An allem sollen die Russen schuld sein: Das geht an der viel komplexeren Realität völlig vorbei
Was sind denn die Versäumnisse des Westens?
Dass die Amerikaner über Jahre versucht haben, die Ukraine in die NATO zu holen. Victoria Nuland ist da eine der Schlüsselfiguren, die sich das auf die Fahne geschrieben hatte. Bis vor kurzem war sie noch für die eurasische Politik im amerikanischen Außenministerium verantwortlich. Leute wie sie haben immer gedacht: Die USA machen, was sie für richtig halten. Außerdem: Putin blufft nur. Das war ein schwerwiegender Fehler. 2019 hat die Ukraine die Mitgliedschaft sowohl in der EU als auch in der NATO sogar zum Staatsziel in der Verfassung erhoben. Wie konnte man das nur machen? Wo man, wenn man nicht taub war, wissen konnte, dass Putin das nicht mitmacht?
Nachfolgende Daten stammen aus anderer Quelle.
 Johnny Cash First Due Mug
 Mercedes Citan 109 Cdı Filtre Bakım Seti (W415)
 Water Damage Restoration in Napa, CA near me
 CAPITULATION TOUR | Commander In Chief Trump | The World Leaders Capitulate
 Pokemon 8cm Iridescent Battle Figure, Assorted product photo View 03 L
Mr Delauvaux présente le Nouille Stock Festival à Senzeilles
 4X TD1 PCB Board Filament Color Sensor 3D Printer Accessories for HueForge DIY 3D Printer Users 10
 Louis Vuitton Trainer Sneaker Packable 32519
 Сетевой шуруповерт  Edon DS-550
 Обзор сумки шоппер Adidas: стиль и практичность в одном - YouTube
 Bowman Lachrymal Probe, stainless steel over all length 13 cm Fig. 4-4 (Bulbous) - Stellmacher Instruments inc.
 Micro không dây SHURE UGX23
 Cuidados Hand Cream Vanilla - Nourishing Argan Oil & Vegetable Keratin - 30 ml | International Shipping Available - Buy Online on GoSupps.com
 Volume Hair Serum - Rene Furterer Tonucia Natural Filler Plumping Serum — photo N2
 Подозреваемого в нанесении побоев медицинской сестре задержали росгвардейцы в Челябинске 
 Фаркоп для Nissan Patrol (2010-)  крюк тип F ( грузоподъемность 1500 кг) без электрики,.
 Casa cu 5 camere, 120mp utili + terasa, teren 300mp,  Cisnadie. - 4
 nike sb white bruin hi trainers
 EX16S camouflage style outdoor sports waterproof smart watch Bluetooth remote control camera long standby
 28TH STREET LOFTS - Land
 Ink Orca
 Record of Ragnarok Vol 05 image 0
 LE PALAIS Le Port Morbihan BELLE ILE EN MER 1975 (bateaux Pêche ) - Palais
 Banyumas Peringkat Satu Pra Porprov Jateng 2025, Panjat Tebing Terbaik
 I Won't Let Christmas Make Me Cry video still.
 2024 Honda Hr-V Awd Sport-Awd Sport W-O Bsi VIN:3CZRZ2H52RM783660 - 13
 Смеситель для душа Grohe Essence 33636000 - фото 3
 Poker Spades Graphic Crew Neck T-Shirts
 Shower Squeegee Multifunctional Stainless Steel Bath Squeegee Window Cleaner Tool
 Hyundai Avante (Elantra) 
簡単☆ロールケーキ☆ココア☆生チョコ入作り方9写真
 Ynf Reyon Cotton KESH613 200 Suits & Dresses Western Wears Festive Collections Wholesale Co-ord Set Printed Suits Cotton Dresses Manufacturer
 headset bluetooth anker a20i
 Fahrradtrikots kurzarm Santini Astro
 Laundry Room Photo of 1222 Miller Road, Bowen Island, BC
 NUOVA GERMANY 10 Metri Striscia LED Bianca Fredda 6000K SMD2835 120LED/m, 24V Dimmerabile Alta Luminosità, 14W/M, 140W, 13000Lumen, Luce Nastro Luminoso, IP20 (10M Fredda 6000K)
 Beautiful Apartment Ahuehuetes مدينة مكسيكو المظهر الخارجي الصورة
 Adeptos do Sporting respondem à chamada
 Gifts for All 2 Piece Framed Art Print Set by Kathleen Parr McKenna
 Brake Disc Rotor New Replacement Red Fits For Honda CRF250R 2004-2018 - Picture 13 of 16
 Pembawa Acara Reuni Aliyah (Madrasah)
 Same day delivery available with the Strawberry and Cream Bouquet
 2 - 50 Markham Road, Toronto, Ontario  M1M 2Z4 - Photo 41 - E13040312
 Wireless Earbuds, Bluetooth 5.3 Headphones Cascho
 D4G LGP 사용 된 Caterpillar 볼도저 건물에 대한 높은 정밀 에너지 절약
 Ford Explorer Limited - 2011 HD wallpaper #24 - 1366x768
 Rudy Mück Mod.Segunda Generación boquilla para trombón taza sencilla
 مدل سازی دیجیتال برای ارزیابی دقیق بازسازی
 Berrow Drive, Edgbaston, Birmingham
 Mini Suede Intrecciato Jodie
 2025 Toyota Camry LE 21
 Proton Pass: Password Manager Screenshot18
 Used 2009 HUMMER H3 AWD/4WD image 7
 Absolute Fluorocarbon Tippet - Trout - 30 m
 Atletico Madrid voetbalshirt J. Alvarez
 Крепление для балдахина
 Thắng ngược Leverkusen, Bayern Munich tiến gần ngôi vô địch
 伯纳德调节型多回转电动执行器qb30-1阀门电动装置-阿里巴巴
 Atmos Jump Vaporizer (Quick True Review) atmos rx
Hat die Ukraine völkerrechtlich und moralisch nicht das Recht, ihre eigene Außenpolitik zu machen?
Völlig richtig. Aber Recht und Moral sind in der internationalen Politik noch nie die allein gültigen Maßstäbe gewesen. Wie man so an der Realität vorbeigehen konnte, obwohl es nebenan eine große Macht gab, die bereit war, militärisch einzugreifen – das erschließt sich nur, wenn man die Arroganz der Macht in Rechnung stellt, deren Schwäche darin besteht, sich selbst zu überschätzen und Realitäten auszublenden.